5.10. Pandas join and concat#

5.10.1. Pandas join#

In pandas, the join() method is used to combine two DataFrame objects based on their index or on a key column. It is one of the methods for data alignment and merging in pandas. This operation can be compared to a database-style join. The basic syntax for the join() method is as follows [McKinney and others, 2010, Pandas Developers, 2023]:

result = left_dataframe.join(right_dataframe, how='inner')

Here, left_dataframe is the DataFrame to which you want to join another DataFrame (right_dataframe). The how parameter specifies the type of join to perform, and it can take the following values:

  • 'inner': Performs an inner join, keeping only the rows that have matching keys in both DataFrames.

  • 'outer': Performs an outer join, keeping all the rows from both DataFrames and filling in NaN values for missing keys.

  • 'left': Performs a left join, keeping all the rows from the left DataFrame and filling in NaN values for missing keys in the right DataFrame.

  • 'right': Performs a right join, keeping all the rows from the right DataFrame and filling in NaN values for missing keys in the left DataFrame.

  • 'cross': The cross merge method produces the Cartesian product of both data frames while maintaining the original order of the left keys.

For a comprehensive description of the function, please refer to the official documentation here.

Examples:

import pandas as pd

df1 = pd.DataFrame({
    'key': ['K0', 'K1', 'K2', 'K3'],
    'A': ['A0', 'A1', 'A2', 'A3']
})

df2 = pd.DataFrame({
    'key': ['K0', 'K1', 'K2', 'K4'],
    'B': ['B0', 'B1', 'B2', 'B3']
})

df1.set_index('key', inplace=True)
df2.set_index('key', inplace=True)
print('df1:')
display(df1)
print('df2:')
display(df1)
df1:
A
key
K0 A0
K1 A1
K2 A2
K3 A3
df2:
A
key
K0 A0
K1 A1
K2 A2
K3 A3
  • Inner Join: An inner join keeps only the rows with keys that are present in both DataFrames.

result = df1.join(df2, how='inner', validate='1:1')
display(result)
A B
key
K0 A0 B0
K1 A1 B1
K2 A2 B2

The validate parameter in the join method is used to ensure that the merge operation meets certain criteria. In our example, validate='1:1' ensures that both DataFrames have unique keys, meaning each key in the left DataFrame (df1) matches exactly one key in the right DataFrame (df2).
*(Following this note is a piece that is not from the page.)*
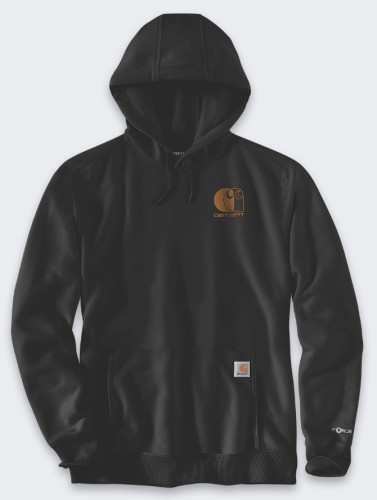 Bluza-Carhartt-Force-Logo-black-de-motos.jpg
../_images/pandas_join_inner_example1.jpg

Fig. 5.23 Visualizing the inner join for the above example.#

Note

The validate parameter in the join() method is used to ensure the integrity of the join operation by checking the relationship between the DataFrames being joined. In your example, validate='m:m' specifies that the join should be a many-to-many relationship. This means that each key in the DataFrames can appear multiple times.

A brief overview of the possible values for the validate parameter:

  • ‘1:1’: One-to-one relationship.

  • ‘1:m’: One-to-many relationship.

  • ‘m:1’: Many-to-one relationship.

  • ‘m:m’: Many-to-many relationship.

Using validate helps catch potential issues in the join operation by ensuring the specified relationship is maintained.
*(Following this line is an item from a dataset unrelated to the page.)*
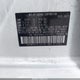 4S3GTAA65J3701017 2018 Subaru Impreza 2.0I auction photo thumbnail 9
Outer Join: An outer join keeps all the rows from both DataFrames, filling in NaN for missing values.

result = df1.join(df2, how='outer', validate='m:m')
display(result)
A B
key
K0 A0 B0
K1 A1 B1
K2 A2 B2
K3 A3 NaN
K4 NaN B3
../_images/pandas_join_outer_example1.jpg

Fig. 5.24 Visualizing the outer join for the above example.#

Left Join: A left join keeps all the rows from the left DataFrame and fills in NaN for missing values from the right DataFrame.

result = df1.join(df2, how='left', validate='m:1')
display(result)
A B
key
K0 A0 B0
K1 A1 B1
K2 A2 B2
K3 A3 NaN
../_images/pandas_join_left_example1.jpg

Fig. 5.25 Visualizing the left join for the above example.#

Right Join: A right join keeps all the rows from the right DataFrame and fills in NaN for missing values from the left DataFrame.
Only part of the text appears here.